Esse conjunto de pressões transforma 2026 em um ponto de virada definitivo. O modelo antigo, baseado puramente na prevenção, tornou-se obsoleto; a resiliência operacional passa a ser uma obrigação tanto regulatória quanto de negócio.
O cenário que se desenha exigirá uma mudança radical de paradigma: a segurança cibernética precisa deixar de ser tratada como uma mera “camada” adicional para se tornar a própria arquitetura estrutural das instituições financeiras. Nesse cenário, práticas como o Zero Trust operacional, o monitoramento contínuo de APIs e a inteligência aplicada à detecção de ameaças não serão apenas tendências, mas o padrão inegociável de mercado.
Na prática, presenciaremos uma intensa “batalha de máquinas”, onde a Inteligência Artificial defensiva dos bancos e a automação avançada precisarão superar diariamente a IA ofensiva dos criminosos e a inteligência de autoaprendizado das máquinas, já preparando o terreno para a criptografia pós-quântica.
Contudo, a tecnologia por si só não basta. O Brasil, impulsionado por um ritmo regulatório incansável, ruma para uma integração obrigatória entre cibersegurança, prevenção a fraudes e gestão de risco operacional. Reguladores, conselhos de administração e investidores já compreenderam que incidentes cibernéticos não são apenas falhas técnicas, mas eventos que geram impacto direto na continuidade, na estabilidade financeira e na reputação das marcas. A exigência por evidências claras, métricas precisas e uma governança forte de toda a cadeia de fornecedores coloca o risco cibernético, de uma vez por todas, no centro das decisões de negócio.

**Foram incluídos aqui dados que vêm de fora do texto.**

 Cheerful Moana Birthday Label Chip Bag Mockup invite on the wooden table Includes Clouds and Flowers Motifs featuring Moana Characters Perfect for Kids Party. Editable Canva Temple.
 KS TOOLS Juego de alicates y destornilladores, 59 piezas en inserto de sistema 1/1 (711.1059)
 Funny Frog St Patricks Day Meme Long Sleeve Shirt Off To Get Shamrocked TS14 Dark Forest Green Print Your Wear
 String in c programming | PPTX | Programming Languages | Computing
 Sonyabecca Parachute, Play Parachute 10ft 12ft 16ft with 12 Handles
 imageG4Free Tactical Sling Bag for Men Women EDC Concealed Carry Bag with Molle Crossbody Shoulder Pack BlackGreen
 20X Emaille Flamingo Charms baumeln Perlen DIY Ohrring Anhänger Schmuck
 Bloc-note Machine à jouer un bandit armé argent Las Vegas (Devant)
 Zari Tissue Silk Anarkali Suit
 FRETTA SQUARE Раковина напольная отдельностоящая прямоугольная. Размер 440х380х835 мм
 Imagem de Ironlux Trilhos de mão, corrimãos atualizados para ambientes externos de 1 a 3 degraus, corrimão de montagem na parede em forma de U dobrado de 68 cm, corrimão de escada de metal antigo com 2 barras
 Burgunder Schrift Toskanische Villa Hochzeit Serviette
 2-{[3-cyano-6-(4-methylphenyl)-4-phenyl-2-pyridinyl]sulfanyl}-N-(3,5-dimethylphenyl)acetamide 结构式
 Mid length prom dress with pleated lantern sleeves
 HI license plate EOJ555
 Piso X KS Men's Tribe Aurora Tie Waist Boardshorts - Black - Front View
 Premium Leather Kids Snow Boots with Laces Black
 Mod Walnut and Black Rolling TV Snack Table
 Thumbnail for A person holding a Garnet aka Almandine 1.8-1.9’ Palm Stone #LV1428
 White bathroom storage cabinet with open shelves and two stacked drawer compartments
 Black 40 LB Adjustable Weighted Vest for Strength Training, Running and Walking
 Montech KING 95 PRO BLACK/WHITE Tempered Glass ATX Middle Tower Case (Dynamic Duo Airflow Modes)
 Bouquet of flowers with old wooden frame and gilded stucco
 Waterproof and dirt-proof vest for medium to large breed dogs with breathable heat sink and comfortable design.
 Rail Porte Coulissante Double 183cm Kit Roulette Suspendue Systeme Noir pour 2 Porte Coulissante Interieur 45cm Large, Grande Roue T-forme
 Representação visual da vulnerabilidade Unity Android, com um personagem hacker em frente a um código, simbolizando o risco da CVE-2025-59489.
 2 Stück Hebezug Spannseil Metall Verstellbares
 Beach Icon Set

A mensagem final para 2026 e para os anos seguintes é categórica: o ecossistema financeiro latino-americano não tem mais espaço para improvisos ou defesas puramente reativas. A capacidade de antecipar ataques, garantir a resiliência operacional e comprovar a eficácia da segurança em toda a sua extensão deixou de ser um diferencial competitivo. Hoje, é a premissa básica de sobrevivência e a única garantia de confiança para operar no mercado.